A campaign dedicated to wiping out youth smoking was named one of the top 15 ad campaigns of the 21st Century by Advertising Age on Jan. 12. Cigarettes are the leading preventable cause of death, killing nearly half a million Americans a year and leaving 16 million others suffering from smoking-related illnesses.

“Truth,” ranked at No. 10, was developed for Legacy, the first national public health foundation dedicated exclusively to tobacco control. It was established in 1999 as part of the Master Settlement Agreement, the largest civil litigation settlement in U.S. history, to educate the public about the impact of tobacco.

“It is truly an honor to be recognized among the best advertising campaigns, but more so to be a part of the reduction in the teen smoking rate in the United States,” Legacy President and CEO Robin Koval said in a statement.
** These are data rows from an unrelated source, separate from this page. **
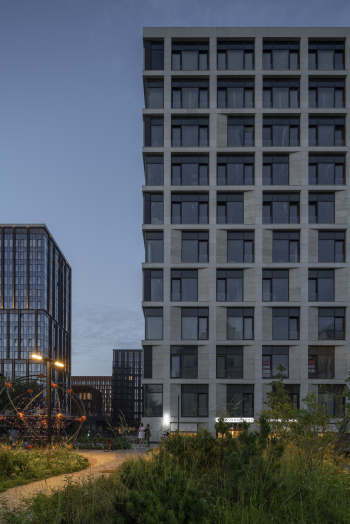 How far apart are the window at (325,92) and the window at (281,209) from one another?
9.21 meters

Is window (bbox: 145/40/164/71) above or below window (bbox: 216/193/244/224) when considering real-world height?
above

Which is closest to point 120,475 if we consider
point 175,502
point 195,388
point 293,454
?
point 175,502

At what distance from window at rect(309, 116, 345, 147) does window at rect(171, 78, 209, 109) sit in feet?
34.0

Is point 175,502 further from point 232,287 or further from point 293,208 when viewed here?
point 293,208

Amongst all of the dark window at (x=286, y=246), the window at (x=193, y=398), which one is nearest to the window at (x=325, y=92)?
the dark window at (x=286, y=246)

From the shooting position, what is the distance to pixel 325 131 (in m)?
45.1

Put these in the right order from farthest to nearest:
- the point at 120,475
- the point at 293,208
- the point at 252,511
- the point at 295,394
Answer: the point at 293,208 < the point at 295,394 < the point at 120,475 < the point at 252,511

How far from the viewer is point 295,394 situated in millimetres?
41781

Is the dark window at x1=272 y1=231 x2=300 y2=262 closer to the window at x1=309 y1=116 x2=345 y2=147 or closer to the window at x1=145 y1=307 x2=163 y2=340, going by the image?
the window at x1=309 y1=116 x2=345 y2=147

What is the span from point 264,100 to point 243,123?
10.0 feet

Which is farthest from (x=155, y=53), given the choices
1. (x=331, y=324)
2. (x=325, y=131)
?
(x=331, y=324)

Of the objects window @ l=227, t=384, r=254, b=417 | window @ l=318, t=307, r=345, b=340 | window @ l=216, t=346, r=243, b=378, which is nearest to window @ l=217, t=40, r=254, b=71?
window @ l=318, t=307, r=345, b=340

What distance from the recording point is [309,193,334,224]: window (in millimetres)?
44188

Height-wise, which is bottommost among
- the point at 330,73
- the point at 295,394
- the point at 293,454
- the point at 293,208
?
the point at 295,394
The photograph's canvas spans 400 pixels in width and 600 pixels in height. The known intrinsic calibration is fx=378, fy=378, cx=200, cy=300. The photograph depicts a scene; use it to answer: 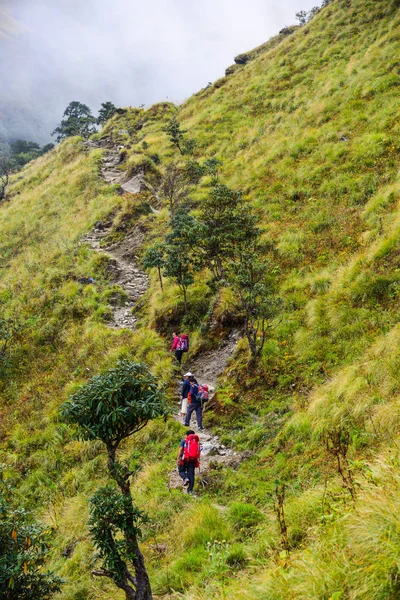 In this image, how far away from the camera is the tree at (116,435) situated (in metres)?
4.78

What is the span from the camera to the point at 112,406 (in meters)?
5.03

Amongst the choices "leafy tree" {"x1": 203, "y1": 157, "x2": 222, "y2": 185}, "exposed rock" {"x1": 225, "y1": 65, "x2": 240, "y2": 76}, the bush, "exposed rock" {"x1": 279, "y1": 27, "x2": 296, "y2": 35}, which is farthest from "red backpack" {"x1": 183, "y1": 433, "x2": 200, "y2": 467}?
"exposed rock" {"x1": 279, "y1": 27, "x2": 296, "y2": 35}

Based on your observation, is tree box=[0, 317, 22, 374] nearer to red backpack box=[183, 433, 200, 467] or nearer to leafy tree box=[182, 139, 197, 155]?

The TV spot used body bags to show the 1,200 deaths Big Tobacco could be held responsible for each day and is one of the campaign’s most recognizable elements. It was developed by two creative agencies, Arnold Worldwide and Crispin Porter & Bogusky. The ad showed the visual effects of smoking, encouraged rebellion and made it cool not to smoke.
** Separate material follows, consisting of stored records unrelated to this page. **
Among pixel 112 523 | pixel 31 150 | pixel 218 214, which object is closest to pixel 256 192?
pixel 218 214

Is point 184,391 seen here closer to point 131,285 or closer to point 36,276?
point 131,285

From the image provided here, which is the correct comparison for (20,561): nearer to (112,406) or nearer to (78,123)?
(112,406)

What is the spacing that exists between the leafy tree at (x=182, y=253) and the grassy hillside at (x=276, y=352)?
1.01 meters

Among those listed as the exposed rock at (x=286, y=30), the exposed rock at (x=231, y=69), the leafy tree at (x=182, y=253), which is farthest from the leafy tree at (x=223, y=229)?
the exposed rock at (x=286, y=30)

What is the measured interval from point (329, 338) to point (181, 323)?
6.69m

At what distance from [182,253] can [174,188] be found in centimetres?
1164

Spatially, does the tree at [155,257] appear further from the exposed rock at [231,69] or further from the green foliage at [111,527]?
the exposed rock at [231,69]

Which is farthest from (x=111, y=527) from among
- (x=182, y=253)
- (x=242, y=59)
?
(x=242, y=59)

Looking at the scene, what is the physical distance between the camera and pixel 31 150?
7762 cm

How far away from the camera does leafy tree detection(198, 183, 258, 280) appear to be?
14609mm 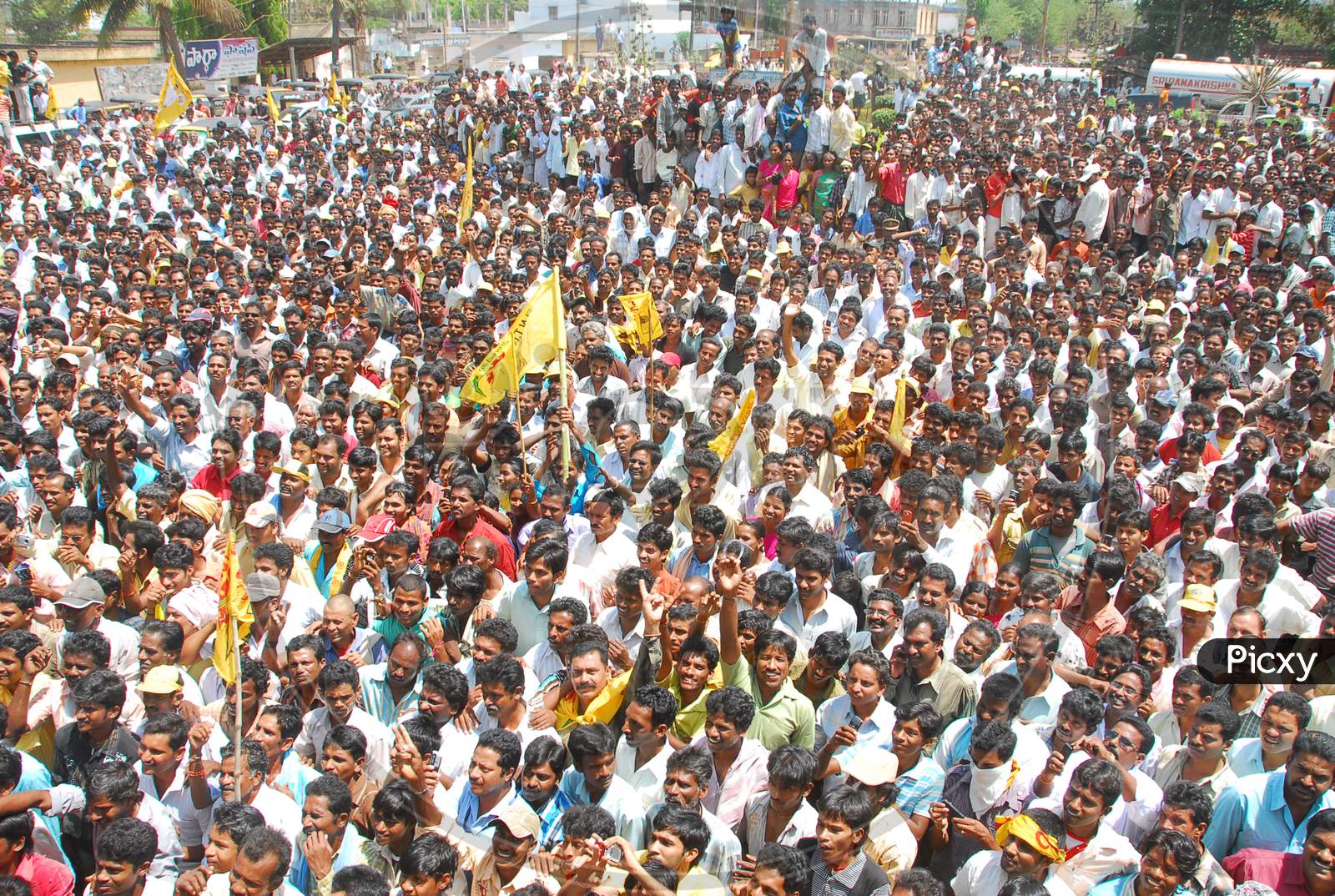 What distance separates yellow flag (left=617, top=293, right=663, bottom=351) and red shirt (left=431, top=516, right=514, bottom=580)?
7.71 ft

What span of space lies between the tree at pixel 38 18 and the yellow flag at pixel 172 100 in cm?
3264

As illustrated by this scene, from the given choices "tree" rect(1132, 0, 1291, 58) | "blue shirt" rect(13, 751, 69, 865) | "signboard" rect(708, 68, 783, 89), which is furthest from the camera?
"tree" rect(1132, 0, 1291, 58)

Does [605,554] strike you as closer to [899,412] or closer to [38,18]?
[899,412]

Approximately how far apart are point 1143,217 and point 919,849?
11.2 m

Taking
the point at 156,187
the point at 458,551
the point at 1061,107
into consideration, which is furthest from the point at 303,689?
the point at 1061,107

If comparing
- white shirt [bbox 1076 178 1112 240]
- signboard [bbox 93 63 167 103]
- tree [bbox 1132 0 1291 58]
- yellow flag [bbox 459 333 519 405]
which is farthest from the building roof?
yellow flag [bbox 459 333 519 405]

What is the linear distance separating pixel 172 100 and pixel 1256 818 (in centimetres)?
1900

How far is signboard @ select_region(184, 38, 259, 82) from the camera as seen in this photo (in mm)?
25328

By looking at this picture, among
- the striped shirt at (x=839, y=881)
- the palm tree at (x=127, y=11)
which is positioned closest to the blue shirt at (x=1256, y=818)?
the striped shirt at (x=839, y=881)

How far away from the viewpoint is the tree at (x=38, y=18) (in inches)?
1779

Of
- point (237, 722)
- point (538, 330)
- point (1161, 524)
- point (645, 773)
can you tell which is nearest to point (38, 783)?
point (237, 722)

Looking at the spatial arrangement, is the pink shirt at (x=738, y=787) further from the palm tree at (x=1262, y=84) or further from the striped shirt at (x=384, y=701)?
the palm tree at (x=1262, y=84)

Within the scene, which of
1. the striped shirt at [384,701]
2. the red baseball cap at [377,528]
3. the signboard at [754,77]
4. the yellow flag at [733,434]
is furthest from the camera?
the signboard at [754,77]

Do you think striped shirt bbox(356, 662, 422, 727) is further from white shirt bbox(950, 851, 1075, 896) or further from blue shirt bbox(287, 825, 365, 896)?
white shirt bbox(950, 851, 1075, 896)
Along with other anti-smoking efforts, the campaign caught on. When it launched in 2000, the teen smoking rate was 23 percent. Last month the Monitoring the Future study by the University of Michigan reported that in 2014 the rate of teen smoking had declined sharply, to eight percent.

Although use of tobacco cigarettes is at a historic low, e-cigarettes are a concern because they target young people, can keep people hooked on nicotine and threaten to “re-normalize” tobacco use, according to an American Heart Association’s policy statement.

American Heart Association CEO Nancy Brown is on the Legacy board.